The RSUs are due to be paid out over three years, but they may not be paid in full and can be clawed back at a later date.
The remuneration figures mean that Goldman was easily the highest paying of 13 leading U.S., British, Swiss and Japanese banks in 2013.
Data compiled by Reuters from the 13 banks showed 2,600 employees at British banks or working in London were paid more than 3.4 billion pounds in 2013, or an average of 1.3 million pounds each. That is almost 50 times average annual pay in Britain.
The details are the most comprehensive released on bankers' pay in Britain, which remains a hot topic after large bonuses were blamed for encouraging risk-taking and contributing to the financial crisis. Many shareholders have also voiced criticism, saying that pay needs to come down to improve profitability.

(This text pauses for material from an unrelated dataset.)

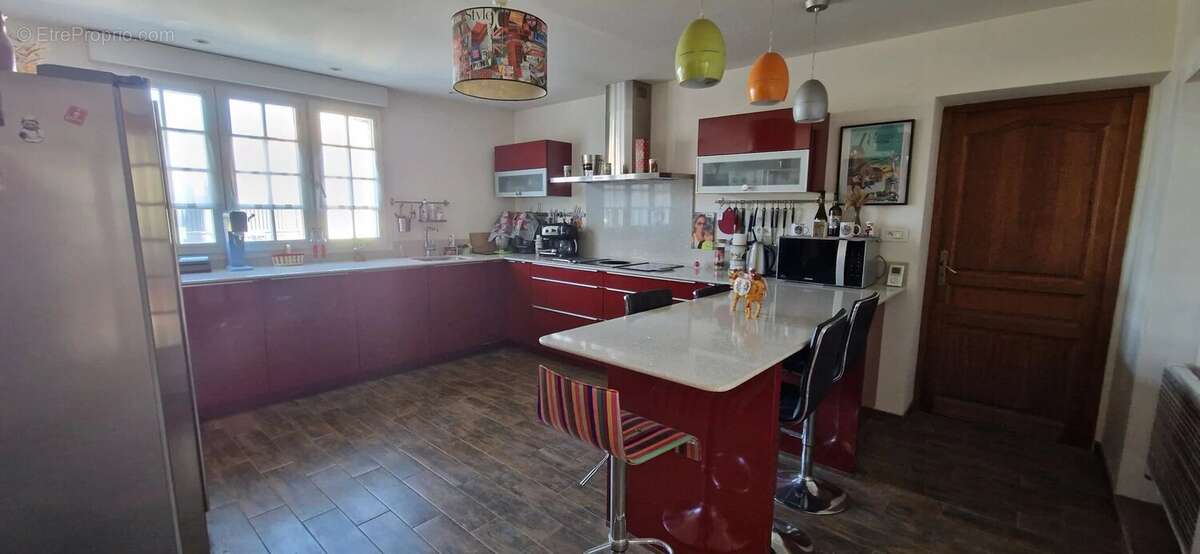 Vernou la celle - photo 3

The 2013 pay disclosures cover British banks globally and overseas banks' British-based staff. EU banks outside Britain do not need to disclose the details.

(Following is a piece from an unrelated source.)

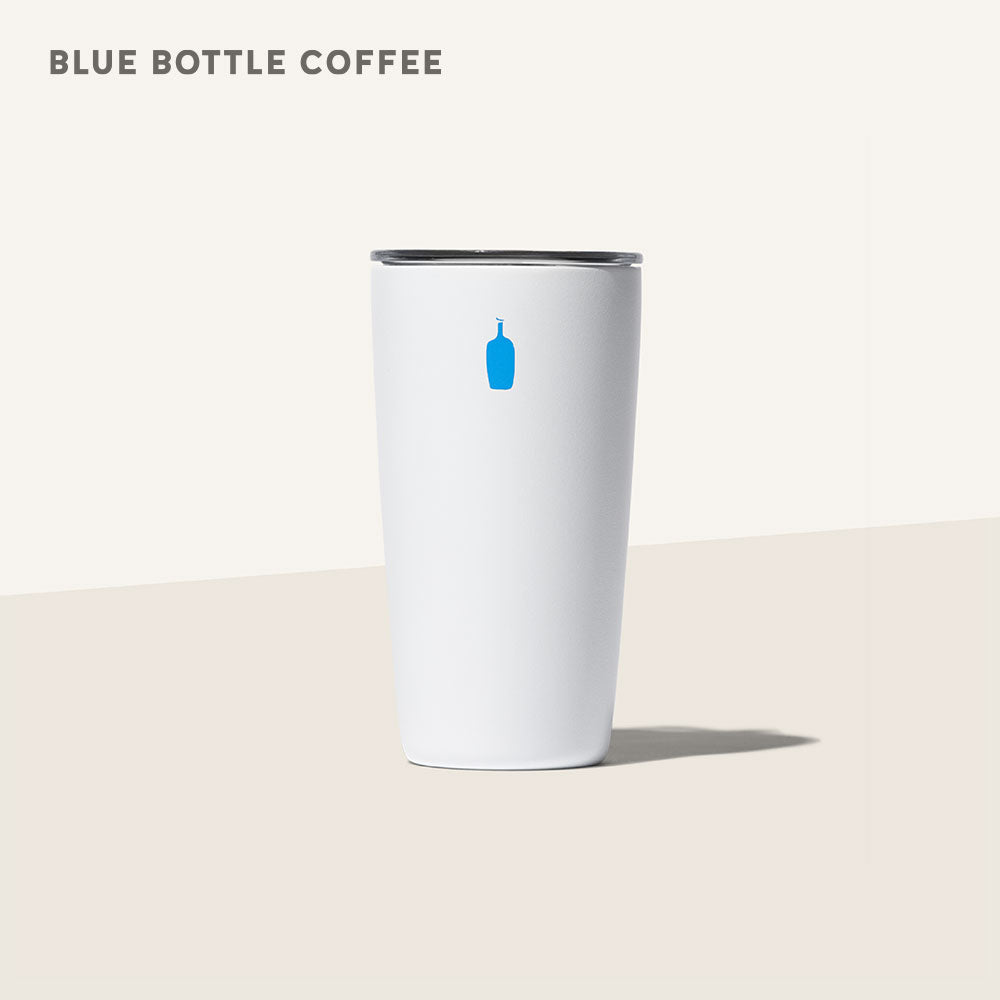 BLUE BOTTLE COFFEE Commuter Cup 473ml 便攜保溫杯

Most banks released the details earlier this year, but Goldman, Citigroup and Credit Suisse all reported in the past week, just before the year-end deadline.
The data showed that Goldman and Bank of America face the most work to restructure pay to meet new EU rules that came into effect at the start of 2014 and cap bonuses at 200 percent of fixed pay.
Both banks paid senior staff more than five times more in variable pay than fixed pay in 2013.